I've seen them before, even though I can't remember the last time I played a card game and don't know the first thing about poker.  


Turns out, Bicycle cards are some of the best-known. They have been in continuous production since 1885.  Although I have found no information to confirm it, I suspect that the name has to do with the start date:  That is around the time bicycling was becoming fashionable.  A high-wheeler from that time cost, in today's dollars, more than even the most expensive custom machines made for record attempts and the riders on the wealthy nations' national teams.

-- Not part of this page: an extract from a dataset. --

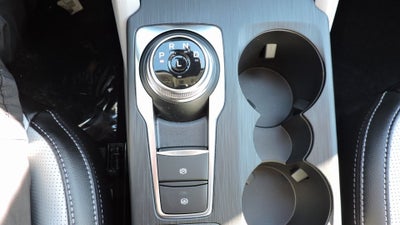 2026 Ford Escape Hybrid Platinum™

In other words, bicycles had the same connotations as a private jet might have today.  People rode them to the opera and to art openings.  As arduous as they were to ride, nobody would mount a "penny farthing" unless he or she were wearing "proper" attire.  And I ain't talkin' about "billboard" jerseys and shorts in lycra!


Apparently, BIcycle cards are available in a variety of configurations, including versions for various card games and large-print cards for people with low vision.  However, nearly all Bicycle decks have an "air cushion" finish, which is said to improve their handling and is one of the reasons why they are so favored by magicians and performers who incorporate card tricks into their routines.




The first card in a typical deck is Bicycle's uniquely-styled Ace of Spades.  That card played a role its designers probably didn't envision.  During the Vietnam War, two American lieutenants wrote to the United States Playing Card Company (the manufacturer of Bicycle cards) and requested decks containing nothing but Aces of Spades.  Those officers, and their underlings, scattered those cards around the countryside.  Some Vietcong fled at the mere sight of them:  They conflated the Ace of Spades with a similar-looking French fortune-telling card that foretold death and suffering.  (Vietnam, a.k.a. Indochina, had been a French colony for nearly a century.)   Some of the Vietcong also regarded Lady LIberty, which was inscribed on some decks of cards, as a goddess of death.


I'm sure some of them fled on bicycles.